Testing · bfc

This page describes how bfc is tested. This is primarily useful for contributors, but is also interesting for readers working on their own PL implementations.

Unit Tests

You can run all bfc's unit tests with Cargo.

$ cargo test

This runs basic unit tests, property-based tests, and LLVM snapshots tests.

Quickcheck

bfc includes property-based tests using the Rust quickcheck library. These operate on the intermediate representation used in bfc, called BFIR.

These tests verify several properties for optimisations: runtime improvement, idempotence and behavioural equivalence.

Verifying Improvement

bfc optimisation should never increase the number of BFIR instructions.

f(program) should have fewer (or the same) number of instructions as program.

Verifying Idempotence

All bfc optimisation passes are idempotent. Running an optimisation twice should produce the same output as running it once.

This property applies to individual peephole optimisations, as well as the combined optimiser. Testing this catches phase ordering issues, as well as optimisations that need to compute a fixpoint.

f(f(program)) should be the same as f(program).

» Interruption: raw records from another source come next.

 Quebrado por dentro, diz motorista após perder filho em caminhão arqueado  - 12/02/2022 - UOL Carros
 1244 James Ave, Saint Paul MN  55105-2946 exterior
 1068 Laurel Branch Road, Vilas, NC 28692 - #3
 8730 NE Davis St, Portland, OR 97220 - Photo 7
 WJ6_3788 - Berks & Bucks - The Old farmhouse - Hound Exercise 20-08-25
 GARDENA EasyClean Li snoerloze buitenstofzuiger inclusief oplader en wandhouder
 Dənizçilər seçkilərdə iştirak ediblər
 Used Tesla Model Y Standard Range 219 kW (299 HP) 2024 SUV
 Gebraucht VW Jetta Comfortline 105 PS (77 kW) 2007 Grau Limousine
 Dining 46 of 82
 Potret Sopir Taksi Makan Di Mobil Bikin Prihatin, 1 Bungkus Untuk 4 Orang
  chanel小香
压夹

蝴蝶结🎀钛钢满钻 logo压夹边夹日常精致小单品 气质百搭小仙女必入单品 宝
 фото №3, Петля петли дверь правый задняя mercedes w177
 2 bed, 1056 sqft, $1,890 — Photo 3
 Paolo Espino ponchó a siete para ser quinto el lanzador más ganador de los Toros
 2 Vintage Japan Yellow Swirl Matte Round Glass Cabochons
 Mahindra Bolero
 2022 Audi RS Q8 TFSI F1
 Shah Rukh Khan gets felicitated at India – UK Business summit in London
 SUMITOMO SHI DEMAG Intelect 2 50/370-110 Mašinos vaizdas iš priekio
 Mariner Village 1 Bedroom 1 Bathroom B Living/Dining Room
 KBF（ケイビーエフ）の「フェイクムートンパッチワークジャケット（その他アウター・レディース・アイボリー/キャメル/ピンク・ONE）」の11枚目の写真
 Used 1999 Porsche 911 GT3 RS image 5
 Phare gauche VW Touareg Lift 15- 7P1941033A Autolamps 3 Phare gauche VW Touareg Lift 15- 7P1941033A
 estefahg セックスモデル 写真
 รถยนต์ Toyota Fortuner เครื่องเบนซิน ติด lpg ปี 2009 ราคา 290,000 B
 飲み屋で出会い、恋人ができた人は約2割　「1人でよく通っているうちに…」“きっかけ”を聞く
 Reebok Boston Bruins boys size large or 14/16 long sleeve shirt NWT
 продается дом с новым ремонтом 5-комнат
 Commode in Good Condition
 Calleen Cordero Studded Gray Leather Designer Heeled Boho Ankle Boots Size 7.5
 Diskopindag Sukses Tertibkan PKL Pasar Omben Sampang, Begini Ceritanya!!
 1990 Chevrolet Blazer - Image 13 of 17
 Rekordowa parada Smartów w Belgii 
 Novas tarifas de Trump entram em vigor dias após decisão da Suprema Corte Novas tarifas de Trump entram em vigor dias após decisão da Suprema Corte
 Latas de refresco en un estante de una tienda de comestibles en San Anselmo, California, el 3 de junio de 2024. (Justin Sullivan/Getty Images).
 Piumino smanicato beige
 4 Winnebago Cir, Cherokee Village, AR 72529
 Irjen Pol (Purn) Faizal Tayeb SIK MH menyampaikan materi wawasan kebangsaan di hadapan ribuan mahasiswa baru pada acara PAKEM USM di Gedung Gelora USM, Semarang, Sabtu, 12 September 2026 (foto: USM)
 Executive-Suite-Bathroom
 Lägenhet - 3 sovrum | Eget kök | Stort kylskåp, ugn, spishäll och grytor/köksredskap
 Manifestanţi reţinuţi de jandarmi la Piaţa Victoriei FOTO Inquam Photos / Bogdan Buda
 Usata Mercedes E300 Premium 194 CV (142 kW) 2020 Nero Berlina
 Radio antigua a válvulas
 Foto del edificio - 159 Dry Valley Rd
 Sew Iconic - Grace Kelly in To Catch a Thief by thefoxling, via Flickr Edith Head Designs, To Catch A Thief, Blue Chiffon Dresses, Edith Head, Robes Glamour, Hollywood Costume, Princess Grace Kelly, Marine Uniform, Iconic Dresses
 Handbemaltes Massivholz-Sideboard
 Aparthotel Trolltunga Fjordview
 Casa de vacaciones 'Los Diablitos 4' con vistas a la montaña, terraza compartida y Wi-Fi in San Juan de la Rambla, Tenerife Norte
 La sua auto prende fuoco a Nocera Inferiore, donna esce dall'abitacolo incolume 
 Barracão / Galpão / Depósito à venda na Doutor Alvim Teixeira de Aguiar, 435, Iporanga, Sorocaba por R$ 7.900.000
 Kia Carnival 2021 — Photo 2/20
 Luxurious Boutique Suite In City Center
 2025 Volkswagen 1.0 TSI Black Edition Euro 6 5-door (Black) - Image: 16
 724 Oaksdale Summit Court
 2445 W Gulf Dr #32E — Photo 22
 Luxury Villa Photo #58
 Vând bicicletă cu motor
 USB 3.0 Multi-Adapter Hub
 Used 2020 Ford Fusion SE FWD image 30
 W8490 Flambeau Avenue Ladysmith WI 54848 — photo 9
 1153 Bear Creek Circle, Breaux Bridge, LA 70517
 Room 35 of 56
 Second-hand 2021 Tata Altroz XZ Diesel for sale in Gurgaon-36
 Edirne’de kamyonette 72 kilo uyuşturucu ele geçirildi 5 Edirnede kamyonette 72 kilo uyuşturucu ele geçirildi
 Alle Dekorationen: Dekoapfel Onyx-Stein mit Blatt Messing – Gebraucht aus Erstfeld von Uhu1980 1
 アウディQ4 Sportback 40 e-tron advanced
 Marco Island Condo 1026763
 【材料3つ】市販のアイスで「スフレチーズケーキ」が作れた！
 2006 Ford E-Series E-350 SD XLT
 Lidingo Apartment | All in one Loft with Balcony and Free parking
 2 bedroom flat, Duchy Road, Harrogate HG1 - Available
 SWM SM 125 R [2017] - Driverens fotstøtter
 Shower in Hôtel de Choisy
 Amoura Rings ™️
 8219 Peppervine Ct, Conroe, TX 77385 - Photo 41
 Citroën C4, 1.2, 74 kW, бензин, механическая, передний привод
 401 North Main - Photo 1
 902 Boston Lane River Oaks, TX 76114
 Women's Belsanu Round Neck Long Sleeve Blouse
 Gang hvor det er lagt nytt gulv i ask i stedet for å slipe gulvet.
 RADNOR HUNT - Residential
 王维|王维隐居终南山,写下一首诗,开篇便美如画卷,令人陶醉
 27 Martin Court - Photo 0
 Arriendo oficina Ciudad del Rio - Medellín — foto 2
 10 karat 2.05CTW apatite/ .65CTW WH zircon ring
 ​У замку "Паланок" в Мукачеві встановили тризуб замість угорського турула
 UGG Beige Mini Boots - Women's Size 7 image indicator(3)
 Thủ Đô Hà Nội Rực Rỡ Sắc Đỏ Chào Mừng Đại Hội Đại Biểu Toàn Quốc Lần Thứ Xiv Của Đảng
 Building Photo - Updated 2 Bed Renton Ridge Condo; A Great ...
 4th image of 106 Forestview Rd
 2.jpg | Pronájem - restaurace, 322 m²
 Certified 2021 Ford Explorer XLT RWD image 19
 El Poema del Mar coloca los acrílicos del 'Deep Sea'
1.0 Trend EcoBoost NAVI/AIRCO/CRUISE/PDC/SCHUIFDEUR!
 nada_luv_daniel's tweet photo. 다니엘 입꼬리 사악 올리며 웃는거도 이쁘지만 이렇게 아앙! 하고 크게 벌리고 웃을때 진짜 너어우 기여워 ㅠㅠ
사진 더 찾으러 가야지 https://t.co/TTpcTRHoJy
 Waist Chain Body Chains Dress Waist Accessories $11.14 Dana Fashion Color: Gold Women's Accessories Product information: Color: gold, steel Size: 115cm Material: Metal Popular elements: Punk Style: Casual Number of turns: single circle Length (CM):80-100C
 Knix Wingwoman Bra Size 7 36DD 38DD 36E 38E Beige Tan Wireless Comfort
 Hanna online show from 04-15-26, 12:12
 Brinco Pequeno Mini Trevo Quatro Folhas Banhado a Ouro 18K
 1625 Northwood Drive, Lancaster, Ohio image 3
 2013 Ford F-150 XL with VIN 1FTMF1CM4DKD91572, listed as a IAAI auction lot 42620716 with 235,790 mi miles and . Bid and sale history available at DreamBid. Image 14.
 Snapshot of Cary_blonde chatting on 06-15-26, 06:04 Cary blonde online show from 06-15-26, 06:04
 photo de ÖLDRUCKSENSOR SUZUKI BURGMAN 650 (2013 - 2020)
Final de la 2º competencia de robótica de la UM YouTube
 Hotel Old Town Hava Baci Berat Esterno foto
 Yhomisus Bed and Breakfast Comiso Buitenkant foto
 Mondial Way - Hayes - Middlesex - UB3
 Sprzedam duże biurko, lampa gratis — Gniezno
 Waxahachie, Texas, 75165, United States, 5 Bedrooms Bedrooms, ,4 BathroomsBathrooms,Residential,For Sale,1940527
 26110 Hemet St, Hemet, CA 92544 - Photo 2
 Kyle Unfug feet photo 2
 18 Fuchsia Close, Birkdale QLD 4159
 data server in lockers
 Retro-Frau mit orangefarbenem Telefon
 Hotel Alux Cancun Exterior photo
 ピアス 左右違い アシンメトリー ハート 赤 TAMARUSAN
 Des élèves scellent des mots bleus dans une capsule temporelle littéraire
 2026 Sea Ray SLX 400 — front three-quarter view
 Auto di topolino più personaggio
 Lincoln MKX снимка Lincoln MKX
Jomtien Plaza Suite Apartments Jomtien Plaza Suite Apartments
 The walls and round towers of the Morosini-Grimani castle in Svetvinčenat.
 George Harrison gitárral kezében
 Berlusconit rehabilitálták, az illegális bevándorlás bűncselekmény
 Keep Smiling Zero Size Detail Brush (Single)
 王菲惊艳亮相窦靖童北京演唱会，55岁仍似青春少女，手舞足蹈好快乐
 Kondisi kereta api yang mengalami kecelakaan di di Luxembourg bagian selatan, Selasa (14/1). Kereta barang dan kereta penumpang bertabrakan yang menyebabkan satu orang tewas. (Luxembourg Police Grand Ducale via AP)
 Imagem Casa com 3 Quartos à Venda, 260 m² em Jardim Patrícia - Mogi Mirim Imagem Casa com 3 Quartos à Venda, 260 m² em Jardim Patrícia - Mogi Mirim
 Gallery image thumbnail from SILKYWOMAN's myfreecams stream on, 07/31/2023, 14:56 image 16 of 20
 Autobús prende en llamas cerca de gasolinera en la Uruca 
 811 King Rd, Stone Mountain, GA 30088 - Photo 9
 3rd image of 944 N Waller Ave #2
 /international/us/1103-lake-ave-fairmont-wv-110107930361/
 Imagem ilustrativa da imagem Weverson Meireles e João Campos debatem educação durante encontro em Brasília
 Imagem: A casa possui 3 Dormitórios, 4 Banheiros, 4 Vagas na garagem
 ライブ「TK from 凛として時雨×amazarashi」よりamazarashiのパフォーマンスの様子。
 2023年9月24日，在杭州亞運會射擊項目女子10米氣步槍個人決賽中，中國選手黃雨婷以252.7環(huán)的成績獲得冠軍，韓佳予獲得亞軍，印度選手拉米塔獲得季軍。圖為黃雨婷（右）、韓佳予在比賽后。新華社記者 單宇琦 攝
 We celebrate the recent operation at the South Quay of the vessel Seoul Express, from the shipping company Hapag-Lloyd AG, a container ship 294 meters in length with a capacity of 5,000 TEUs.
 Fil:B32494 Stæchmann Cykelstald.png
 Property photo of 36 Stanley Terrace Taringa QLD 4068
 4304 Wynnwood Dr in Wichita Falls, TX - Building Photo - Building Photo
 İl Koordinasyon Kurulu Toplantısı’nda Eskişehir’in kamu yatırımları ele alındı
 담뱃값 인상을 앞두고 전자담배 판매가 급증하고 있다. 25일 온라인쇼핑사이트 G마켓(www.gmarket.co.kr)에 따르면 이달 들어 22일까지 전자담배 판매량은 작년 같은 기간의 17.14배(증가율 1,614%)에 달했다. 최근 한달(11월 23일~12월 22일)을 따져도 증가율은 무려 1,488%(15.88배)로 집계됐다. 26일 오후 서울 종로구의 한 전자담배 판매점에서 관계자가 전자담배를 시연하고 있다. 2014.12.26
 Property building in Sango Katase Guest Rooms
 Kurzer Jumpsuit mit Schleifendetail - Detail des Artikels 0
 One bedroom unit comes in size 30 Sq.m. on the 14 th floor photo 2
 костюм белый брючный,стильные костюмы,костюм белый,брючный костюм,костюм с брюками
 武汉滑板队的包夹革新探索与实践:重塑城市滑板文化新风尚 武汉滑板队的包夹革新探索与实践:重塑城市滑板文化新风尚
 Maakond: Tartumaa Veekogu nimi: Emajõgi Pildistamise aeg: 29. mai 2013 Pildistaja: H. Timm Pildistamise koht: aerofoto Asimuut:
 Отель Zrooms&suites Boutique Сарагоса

Verifying Behavioural Equivalence

bfc opimisation passes should never change the semantics of a program.

eval(program) should give the same result as eval(f(program)), provided that eval(program) terminates within a specific number of steps. bfc checks this by evaluating the code within a sandbox.

This same evaluator is also used during compilation, for compile-time evaluation of code!

If program relies on runtime inputs, the test can verify the program state prior to the first runtime input, or choose an arbitrary input.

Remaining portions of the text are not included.